The State Department did not hold briefings for its first six and a half weeks after Trump took office. Once it did, the department eschewed tradition and held only four each week, two on camera and two over the phone.

Mark Toner, a career foreign service officer who often briefed reporters under the Obama administration, stayed on as acting spokesperson when Trump took office. But now, Toner is transitioning to a new assignment, with no announced replacement.

Fox News anchor Heather Nauert was in talks to come on board and was being vetted, a source told ABC News earlier this month. A State Department official would only confirm this week that a new spokesperson is in the process of being vetted and approved.

Alex Howard, deputy director of transparency advocate the Sunlight Foundation, expressed concern about the lack of briefings, calling it “an unfortunate continuation of what we’ve seen from the very top of this administration.”

“This is a great briefing that has a different quality and depth than any you’ll see in government. ... It contains the U.S. position on foreign policy issues that span the world,” he said, pointing out that embassies take their cues from them and that foreign governments watch for changes in America’s position. “These are not just Kabuki sessions.”

Michael Abramowitz, president of the independent watchdog group Freedom House, agreed. “In many ways, with the possible exception of the White House spokesperson, the State Department spokesperson is perhaps the most important in the entire U.S. government because the State Department spokesperson is basically sending out what U.S. foreign policy is to the whole world,” he said.

But Abramowitz noted that it does take some time to train a new spokesperson. “[These briefings] are very complicated, and it’s easy to make mistakes,” he added. No one is yet undergoing training for the role, State Department officials said.

Whoever is behind the podium will be speaking on behalf of Secretary of State Rex Tillerson, who has avoided the press and expressed his desire to stay out of the spotlight, drawing a barrage of criticism citing the importance of public diplomacy and advocating for transparency and press access.
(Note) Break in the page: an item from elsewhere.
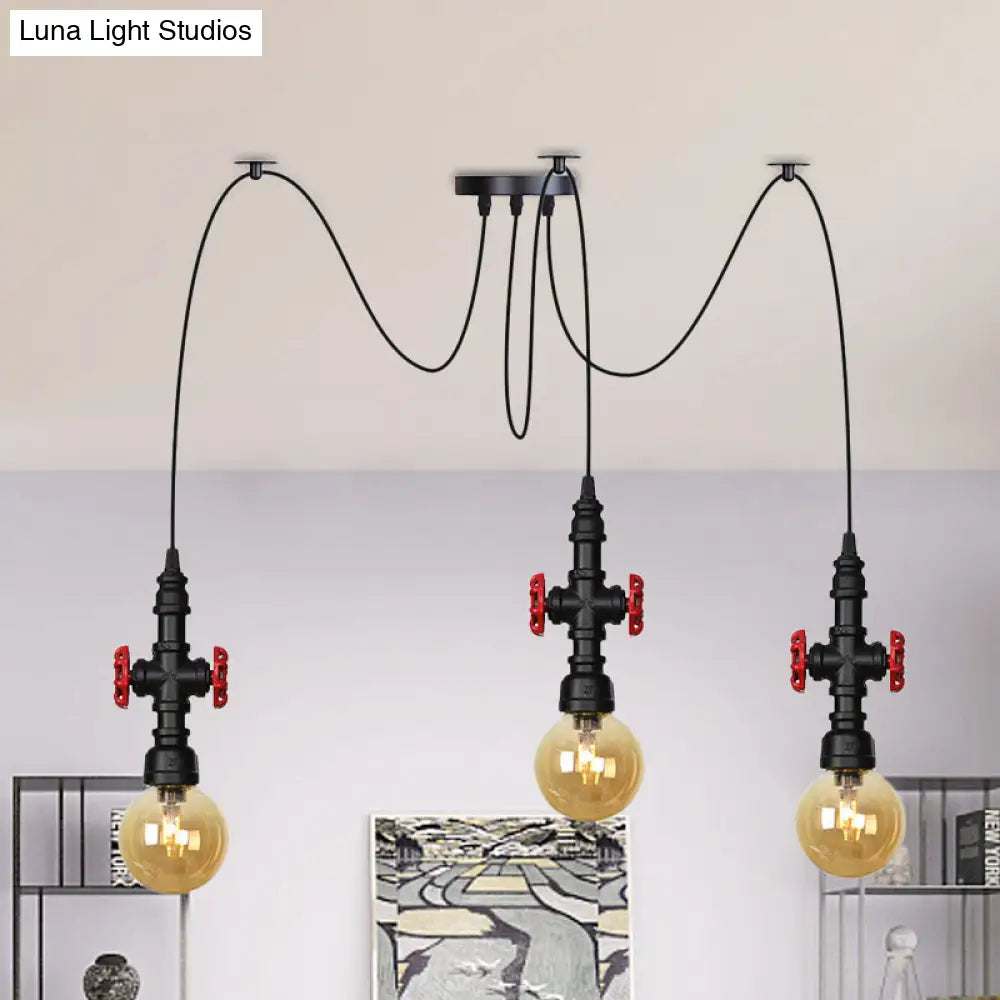 Industrial Globe Led Ceiling Light With Amber Glass And Multiple Heads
Since he was sworn in on Feb. 1, Tillerson has so far only granted one interview, with a reporter from the conservative site Independent Journal Review who was also the only journalist allowed to travel with the secretary on his trip to Asia earlier this month.

On other past trips, the State Department has limited the number of reporters on the secretary’s plane to just a pool reporter -- a journalist there on behalf of all news organizations who shares their reporting.

According to Howard, limiting press access to Tillerson and the State Department threatens America’s ability to influence other countries on the world stage.

“Tillerson is still acting like a corporate CEO. ... By not having press with him, by not having briefings, or really embracing the role the media plays, you’re actually diminishing the impact of American soft power around the world,” he said.

If the trend continues, there is reason to be concerned, said Abramowitz. “The secretary will find that not only is it his responsibility to explain U.S. policy to the American public and the press corps directly, but it’s also in his interest,” he said.

“A lot of the great secretaries of state of the last 25 years spoke to the press all the time,” Abramowitz added, referencing James Baker and Henry Kissinger in particular. “It’s part of the job.”

Tillerson defended himself in his interview with IJR, arguing that he believes it is better to come to the press once the department has fully formulated policy. When he has something to share, he said, he will.

When Toner was pressed last Thursday about press access, his first response was to cite the briefing itself as a sign of the administration's commitment.

"This is a forum where we can talk about foreign policy. I have to answer your questions, I have to defend our policy decisions across a broad spectrum of issues, and that is, I think, a testament to our commitment to a free press," he said.